What you describe are either late signs or a very massive injury.

Waiting to see if a person has unequal pupils or a seizure after a blow to the head is a fail in my opinion.

We would solve the pressure problem hopefully with two large bore IVs, both runnin NS or if evidence of significant blood loss, hang one line NS and the other run Ringers through blood tubing.

How does that solve the problem?
 
What you describe are either late signs or a very massive injury.

Waiting to see if a person has unequal pupils or a seizure after a blow to the head is a fail in my opinion.



How does that solve the problem?

Exactly, signs of Herniation. No where did I say that I would wait and not do anything until I saw these signs. These are things that Im going to be expecting my pt to demonstrate while in my presence if im going down a TBI road with a significant head bleed. If, in fact, you do have those late signs than thats a whole different ball game. Trying to maintain a perfusing pressure without worsening the herniation is key. read: 190/110. That, of course is not solved with NS infusions, but labetalol. Im sure im preaching to the choir on this subject.

Again, didnt say that was my end all, be all solution. That would be just a start. Just as you mentioned in your earlier post, if the first liter doesnt work, then shut it down and move on. Im with ya on that.
 
Exactly, signs of Herniation. No where did I say that I would wait and not do anything until I saw these signs. These are things that Im going to be expecting my pt to demonstrate while in my presence if im going down a TBI road with a significant head bleed. If, in fact, you do have those late signs than thats a whole different ball game. Trying to maintain a perfusing pressure without worsening the herniation is key. read: 190/110. That, of course is not solved with NS infusions, but labetalol. Im sure im preaching to the choir on this subject.

Again, didnt say that was my end all, be all solution. That would be just a start. Just as you mentioned in your earlier post, if the first liter doesnt work, then shut it down and move on. Im with ya on that.
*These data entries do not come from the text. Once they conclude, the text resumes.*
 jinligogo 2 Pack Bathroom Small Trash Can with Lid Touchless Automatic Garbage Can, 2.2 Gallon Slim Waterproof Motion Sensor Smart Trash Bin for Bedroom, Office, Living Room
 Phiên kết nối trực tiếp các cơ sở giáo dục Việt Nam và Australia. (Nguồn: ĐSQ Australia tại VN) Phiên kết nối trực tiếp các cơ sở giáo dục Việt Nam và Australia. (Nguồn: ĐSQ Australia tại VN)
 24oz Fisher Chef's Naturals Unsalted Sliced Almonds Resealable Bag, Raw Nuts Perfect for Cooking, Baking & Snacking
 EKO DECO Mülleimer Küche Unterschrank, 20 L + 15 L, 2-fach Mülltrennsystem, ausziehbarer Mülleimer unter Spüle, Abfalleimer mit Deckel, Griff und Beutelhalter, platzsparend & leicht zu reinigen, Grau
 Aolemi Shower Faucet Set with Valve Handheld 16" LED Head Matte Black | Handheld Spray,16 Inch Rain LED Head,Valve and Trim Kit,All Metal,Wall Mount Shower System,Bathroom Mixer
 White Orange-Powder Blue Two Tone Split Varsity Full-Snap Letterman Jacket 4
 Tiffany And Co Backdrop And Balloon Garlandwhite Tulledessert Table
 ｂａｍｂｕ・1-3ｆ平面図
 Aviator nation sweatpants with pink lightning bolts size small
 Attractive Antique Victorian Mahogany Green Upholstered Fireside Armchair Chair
TBIs like anything else are on a continuum of severity. Not every TBI will result in herniation. What she described is at least a moderate-severe TBI based on GSC and LOC.

If the hypotension was refractory to fluids then what would you do? If this was indeed neurogenic then is the problem volume or something else? Phenylephrine anyone?

Edit: You sure labetalol is the drug to use? Are there any potential complications in a TBI patient

On a side note: I spent last semester in the Neuro Step down and ICU. That was by far the most depressing and challenging experience of my healthcare career.